At the same time that we purchased our jar of Ceylon cinnamon, we also picked up a bottle of Mexican vanilla extract. I'd tried a Mexican vanilla ice cream at a shop in San Antonio which delivered a slightly different taste from most vanilla ice creams, so I figured, why not try the Mexican vanilla extract if offered the opportunity?
I used the same method as when we tried the two different types of cinnamon: two batches of 1/3 of a recipe of rice pudding, though this time I was able to do my as-close-as-two-people-can-get-to-a-double-blind-experiment design. I made the puddings, assigned a number to each extract (1 for Madagascar vanilla, and 2 for Mexican vanilla), then labeled the bowls by number. After dinner, Dom set the de facto order in which we each tried the puddings.

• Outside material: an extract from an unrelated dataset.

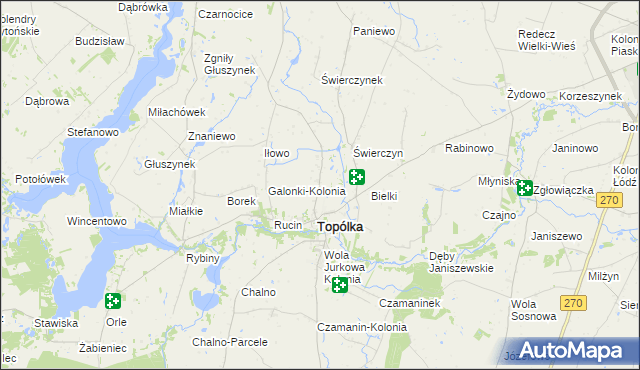 mapa Galonki gmina Topólka, Galonki gmina Topólka na mapie Targeo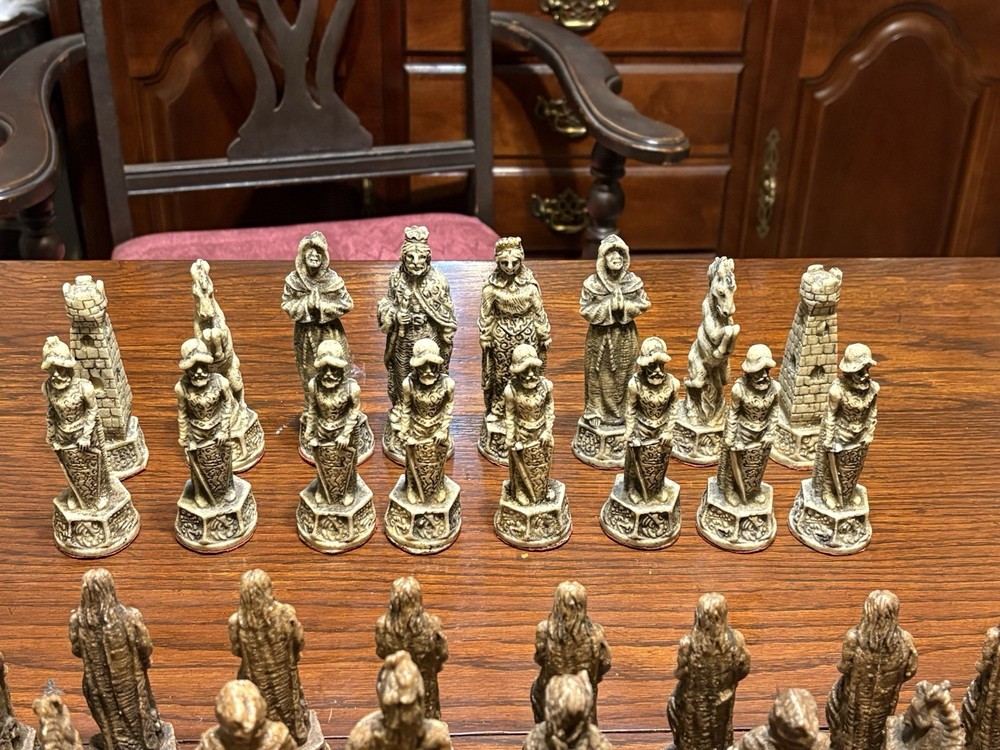 Vintage Aztec Mayan Chess Pieces .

We wondered if by the time a flavoring reaches the extract stage and is then used to flavor something else, most of the nuances of the original flavor are lost, such that Mexican vanilla extract in cooked or baked goods tastes more or less the same as Madagascar or Tahitian vanilla extract in the same situation. I would think it would be a different matter if, for example, one used the actual vanilla bean to flavor an ice cream or rice pudding. Perhaps that should be a future experiment!
Joy of Cooking (2006), p. 820: once again, we used the "stovetop rice pudding", not the "baked rice pudding".